First, we solve the first inequality:

$$ 2 \sin x \leq 1 $$

$$ \sin x \leq \frac{1}{2} $$

The basic equation \( \sin x = \frac{1}{2} \), related to this inequality, is satisfied when \(x\) takes the following values:

$$ x = \frac{\pi}{6} + 2k\pi \ \text{or} \ x = \pi - \frac{\pi}{6} + 2k\pi $$

$$ x = \frac{\pi}{6} + 2k\pi \ \text{or} \ x = \frac{6\pi - \pi}{6} + 2k\pi $$

$$ x = \frac{\pi}{6} + 2k\pi \ \text{or} \ x = \frac{5\pi}{6} + 2k\pi $$

Thus, within the interval \( (0, 2\pi) \), the inequality holds true in the intervals \([0, \pi/6]\) and \([5\pi/6, 2\pi)\).

Next, we solve the second inequality:

$$ 2 \cos x < \sqrt{3} $$

$$ \cos x < \frac{\sqrt{3}}{2} $$

The basic equation \( \cos x = \frac{\sqrt{3}}{2} \), associated with this inequality, is satisfied when:

$$ x = \frac{\pi}{6} + 2k\pi \ \text{or} \ x = -\frac{\pi}{6} + 2k\pi $$

We rewrite \(-\pi/6\) in the reference interval \( (0, 2\pi) \) as \( 2\pi - \pi/6 \):

$$ x = \frac{\pi}{6} + 2k\pi \ \text{or} \ x = 2\pi - \frac{\pi}{6} + 2k\pi $$

$$ x = \frac{\pi}{6} + 2k\pi \ \text{or} \ x = \frac{12\pi - \pi}{6} + 2k\pi $$

$$ x = \frac{\pi}{6} + 2k\pi \ \text{or} \ x = \frac{11\pi}{6} + 2k\pi $$

Therefore, within the interval \( (0, 2\pi) \), the inequality holds true in the interval \( (\pi/6, 11\pi/6) \).

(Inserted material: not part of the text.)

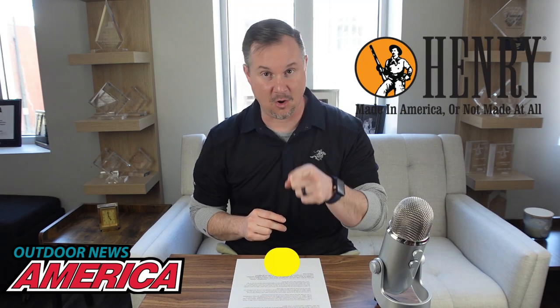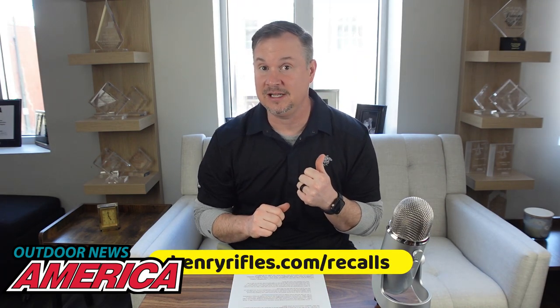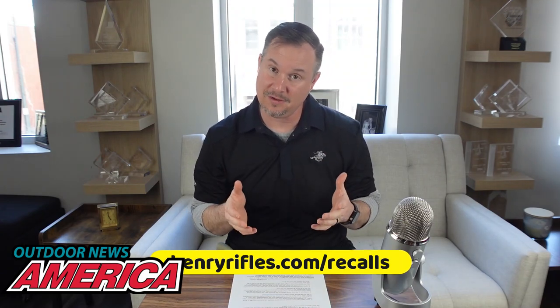Number two, very important: Henry Repeating Arms has announced a recall on their 45-70 lever action rifles. If you own a Henry 45-70, you need to go to henryrifles.com/recalls right away and plug in your serial number to see if you're affected. These rifles can go off on their own if dropped — there's a lot of things going on with that, so you need to be safe first. Contact Henry Rifles, give them a phone call, check out the website, and make sure your rifle is safe.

Finally, we check for an intersection between the solutions of the two inequalities:

$$ \{ [0, \frac{\pi}{6}] \ \cup \ [\frac{5\pi}{6}, 2\pi] \} \ \cap \ \{ (\frac{\pi}{6}, \frac{11\pi}{6}) \} $$

$$ [\frac{5\pi}{6}, \frac{11\pi}{6}) $$

An intersection exists, so the system has solutions.

In the interval \( (0, 2\pi) \), the solutions to the trigonometric inequality system are the \(x\)-values within \([5\pi/6, 11\pi/6)\).

Considering all periodic solutions, the system is satisfied in the intervals:

$$ [\frac{5\pi}{6} + 2k\pi, \frac{11\pi}{6} + 2k\pi) $$

where \( k \) is any integer.

Verification with GeoGebra

To confirm the result, we analyze the graph of the two trigonometric functions over the interval \( (0, 2\pi) \).

Both functions are negative within the interval \( (5\pi/6, 11\pi/6) \).

And so on.